The next day people started to arrive for the Antarctic adventure. We caught up with Gail, Maggie & John and Alex & Janine as well as a new set of fellow travellers. We had booked our tour through Hampton Travel and Cruise. This is our second tour with them, the first was at the beginning of our nomadic days in 2012, to Egypt.
There is not a great deal to do in Ushuaia, it is a stepping off point to mountain adventures in both summer and winter, as well as embarkation for Antarctic cruises.
There was an interesting memorial to the fallen of the Malvinas Islands War. Argentina was not well prepared for what we know as the Falkland’s war, sending young inexperienced soldiers. They suffered a much higher casualty rate and eventually surrendered to the British.
And we saw our first of what were to many, memorials to Eva Peron. We are in for an interesting into Argentina.
Perhaps the highlight of our time in Ushuaia was visiting the prison museum.

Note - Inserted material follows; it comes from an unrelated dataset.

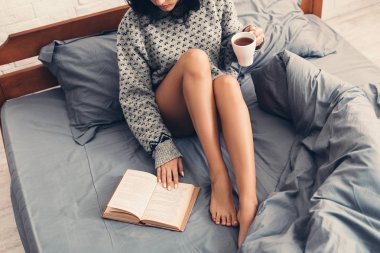 Kadın yatakta kitap ve kahve ile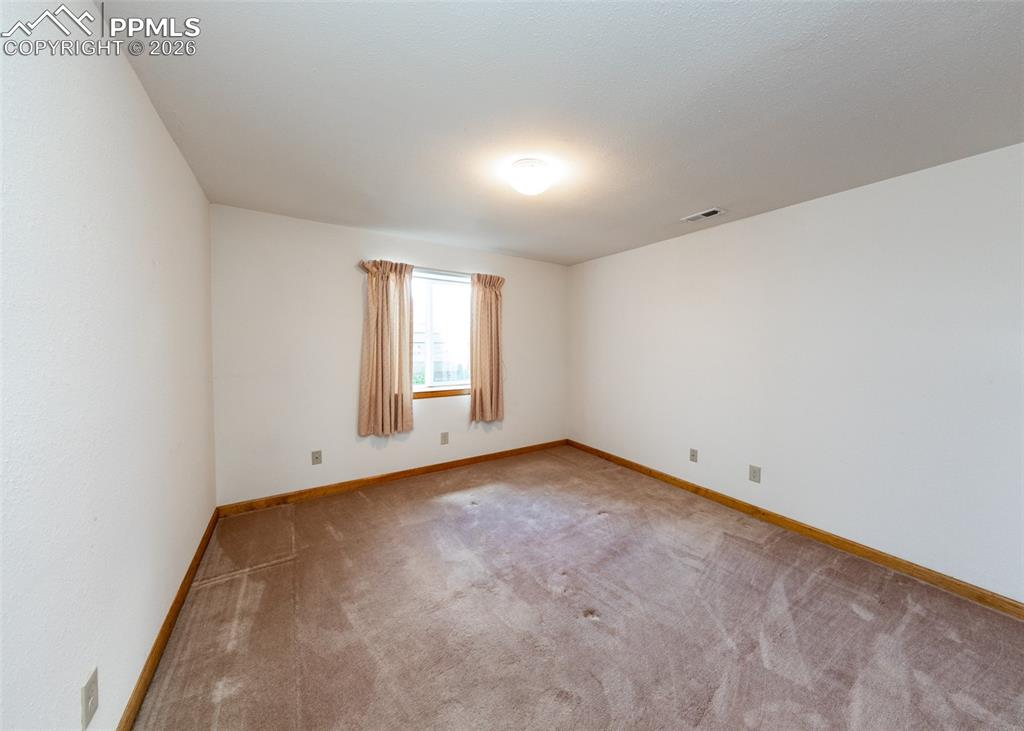 6185 Sayres Road Colorado Springs, CO 80927 - Photo 31 of 50 an empty room with a window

In actual fact there were a number of distinct exhibitions with their own titles but all held within the old prison, which was built in the style of the day with radiating wings. In the main wing each cell had its own exhibition telling stories of explorers and other people who had an impact in the region including Antarctica.
Another wing had been left in its original state, cold and dank.
The day finally came to board the SS Expedition for Antarctica. Boarding was at 4, but basically it took most of the afternoon to assemble, shuffle to the bus stop, get loaded into the bus, drive the short distance to the port and then shown onto the ship.
But that’s another story.
We arrived back to Ushuaia after an amazing 9 day cruise, spending our last night on the ship in port amongst calm seas.
We were back in the world of communication and enjoyed a very long coffee and internet catch up. We wanted to ship our jackets home, so we bought a soft case to hold them and the majority of our cold weather clothes.
Another long day of travelling with a mid afternoon flight to Buenos Aires. It was 8pm by the time we arrived at our hotel and were directed to a great Spanish restaurant around the corner, Tankar.